One of the many hints in S suggests that we follow the monkey (352), with Jen Hewyard circling Anca’s words and adding the comment Sound advice. Here are my thoughts where the monkey leads us. We begin with a catalog of monkey sightings…
- Filomela refers to the proverbial million monkeys (ix) immediately following a mention of Covarrubias.
- The organ grinder’s capuchin monkey, tied to the organ grinder by a thin piece of rope, is a silent witness to an unscrupulous business transaction and the target of later retribution. (8-9)

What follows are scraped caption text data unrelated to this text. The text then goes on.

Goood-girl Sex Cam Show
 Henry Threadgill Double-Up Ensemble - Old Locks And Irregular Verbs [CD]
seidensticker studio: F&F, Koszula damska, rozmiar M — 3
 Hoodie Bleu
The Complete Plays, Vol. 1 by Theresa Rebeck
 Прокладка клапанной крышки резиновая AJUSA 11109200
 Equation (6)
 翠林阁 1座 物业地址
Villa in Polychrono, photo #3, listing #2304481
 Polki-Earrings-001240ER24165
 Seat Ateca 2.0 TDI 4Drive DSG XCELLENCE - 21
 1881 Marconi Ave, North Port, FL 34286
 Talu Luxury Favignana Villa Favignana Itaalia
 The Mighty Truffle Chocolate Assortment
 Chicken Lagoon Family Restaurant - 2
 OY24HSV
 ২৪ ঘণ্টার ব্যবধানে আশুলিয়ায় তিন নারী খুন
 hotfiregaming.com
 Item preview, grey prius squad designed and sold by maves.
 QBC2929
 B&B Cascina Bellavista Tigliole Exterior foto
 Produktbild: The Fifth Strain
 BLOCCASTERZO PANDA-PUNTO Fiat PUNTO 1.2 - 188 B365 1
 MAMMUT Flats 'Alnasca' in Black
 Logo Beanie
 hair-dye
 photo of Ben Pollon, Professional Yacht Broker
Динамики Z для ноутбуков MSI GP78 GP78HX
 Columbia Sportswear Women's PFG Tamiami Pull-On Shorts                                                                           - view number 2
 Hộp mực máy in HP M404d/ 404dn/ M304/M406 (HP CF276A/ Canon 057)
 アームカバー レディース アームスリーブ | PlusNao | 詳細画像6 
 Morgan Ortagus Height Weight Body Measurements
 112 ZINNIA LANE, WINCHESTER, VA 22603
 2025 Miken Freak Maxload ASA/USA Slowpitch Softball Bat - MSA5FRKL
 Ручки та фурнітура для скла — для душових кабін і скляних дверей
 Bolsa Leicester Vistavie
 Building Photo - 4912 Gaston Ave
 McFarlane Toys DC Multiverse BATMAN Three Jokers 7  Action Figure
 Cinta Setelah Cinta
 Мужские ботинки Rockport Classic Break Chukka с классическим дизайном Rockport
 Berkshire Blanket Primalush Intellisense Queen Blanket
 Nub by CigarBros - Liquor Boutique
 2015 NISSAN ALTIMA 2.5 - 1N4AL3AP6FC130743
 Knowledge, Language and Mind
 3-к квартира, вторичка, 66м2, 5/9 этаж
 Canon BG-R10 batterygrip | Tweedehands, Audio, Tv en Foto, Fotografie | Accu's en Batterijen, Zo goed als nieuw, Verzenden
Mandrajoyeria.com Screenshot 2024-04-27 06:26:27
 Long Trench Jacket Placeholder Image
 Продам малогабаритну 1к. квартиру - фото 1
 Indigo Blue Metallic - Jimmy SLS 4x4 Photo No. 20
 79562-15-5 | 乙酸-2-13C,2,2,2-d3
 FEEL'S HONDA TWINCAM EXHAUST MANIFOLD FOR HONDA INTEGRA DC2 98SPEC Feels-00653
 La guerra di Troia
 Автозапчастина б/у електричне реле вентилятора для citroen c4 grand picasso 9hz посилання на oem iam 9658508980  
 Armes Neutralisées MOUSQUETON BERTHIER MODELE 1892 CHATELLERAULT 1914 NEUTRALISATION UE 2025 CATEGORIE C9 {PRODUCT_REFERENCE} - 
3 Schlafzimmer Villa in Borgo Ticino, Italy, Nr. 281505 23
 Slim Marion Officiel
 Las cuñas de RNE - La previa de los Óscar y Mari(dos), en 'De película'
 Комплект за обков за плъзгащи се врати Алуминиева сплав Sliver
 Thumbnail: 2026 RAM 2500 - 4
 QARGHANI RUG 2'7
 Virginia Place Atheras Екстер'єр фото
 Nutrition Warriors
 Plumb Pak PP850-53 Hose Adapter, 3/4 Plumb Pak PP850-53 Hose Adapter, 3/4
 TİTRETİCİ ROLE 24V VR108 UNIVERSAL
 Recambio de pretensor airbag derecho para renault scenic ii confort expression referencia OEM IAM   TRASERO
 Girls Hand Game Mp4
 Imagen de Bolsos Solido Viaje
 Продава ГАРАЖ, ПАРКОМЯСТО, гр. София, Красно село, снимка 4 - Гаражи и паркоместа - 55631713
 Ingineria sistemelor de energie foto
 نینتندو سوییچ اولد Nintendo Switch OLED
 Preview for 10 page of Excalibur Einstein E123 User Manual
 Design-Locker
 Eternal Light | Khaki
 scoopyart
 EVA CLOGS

- The monkey is now attempting escape from the retribution foretold in #2. S notices this just before passing out after being shanghaied. S mutters, Run, monkey. Run. (24-25)
- A monkey (the same monkey?) is found wrapped like a baby in the arms of a nearly-starved sailor aboard a two-masted ship that S‘s xebec comes alongside. The monkey comes aboard and attempts to get comfortable. (54-56)
- The monkey jumps down the hatch as the waterspouts approach. (62)
- S recalls the “two monkeys” he has come across while attempting to describe what he remembers to Ostrero. S says, Animals don’t seem to like me much. (87-88)
- After S’s miraculous escape from Vevoda’s Detectives in the cave and the loss of Corbeau, S swims out of the line of fire and discovers to his amazement that the ship destroyed by the waterspouts has somehow resurrected. As he gazes in astonishment at this sight, S notices the monkey shrieking and swinging in the halyard. (200-201)
- After threatening Maelstrom and demanding to be let off the ship, S gets a stern lecture and a promise that after his short visit on land, he will be happy to return to the ship. As he ponders this, he hears the monkey laugh. (219-220)
- In Fn4, FXC references the Bouchard monkey. (263)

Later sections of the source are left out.